Tycoon Group Holdings Limited

Wong Ka Chun Michael

Chairman, Executive Director and

Chief Executive Officer

Hong Kong, 10 April 2025

Notes:

  1. All resolutions at the Meeting will be taken by poll (except where the chairman decides to allow a resolution relating to a procedural or administrative matter to be voted on by a show of hands) pursuant to the Rules Governing the Listing of Securities on the Stock Exchange (“Listing Rules”). The results of the poll will be published on the websites of Hong Kong Exchanges and Clearing Limited and the Company in accordance with the Listing Rules.

  2. Any shareholder of the Company entitled to attend and vote at the Meeting shall be entitled to appoint another person as his proxy to attend and vote instead of him and a proxy so appointed shall have the same right as the shareholder to speak at the Meeting. A proxy need not be a shareholder of the Company. A shareholder who is the holder of two or more shares may appoint more than one proxy to represent him and to attend and vote in his stead at the Meeting.

  3. In the case of joint holders of Shares, any one of such joint holders may vote, either in person or by proxy, in respect of such share as if he was solely entitled to vote, but if more than one of such joint holders are present at the Meeting, the most senior holder shall alone be entitled to vote, whether in person or by proxy. For this purpose, seniority shall be determined by reference to the order in which the names stand in the register of members of the Company.

  4. For the purposes of determining eligibility of the shareholders of the Company to attend and vote at the Meeting, the register of members of the Company will be closed. Details of such closure are set out below:

Latest time to lodge transfer documents for registration …………………… 4:30 p.m. on Friday, 23 May 2025

Closure of register of members ………………………………………… Monday, 26 May 2025 to Friday, 30 May 2025 (both days inclusive)

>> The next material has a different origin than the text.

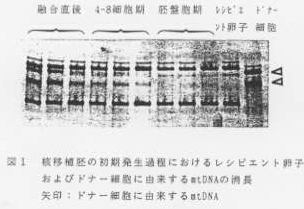 図1.核移植胚の初期発生過程におけるレンピエント卵子およびドナー細胞に由来するmtDNAの消長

Record date ……………………………………………………………… Friday, 30 May 2025

During the above closure period, no transfer of shares will be registered. To be eligible to attend and vote at the Meeting, all properly completed transfer forms accompanied by the relevant share certificates must be lodged for registration with the Company’s branch share registrar and transfer office in Hong Kong, Tricor Investor Services Limited of 17/F, Far East Finance Centre, 16 Harcourt Road, Hong Kong no later than the aforementioned latest time.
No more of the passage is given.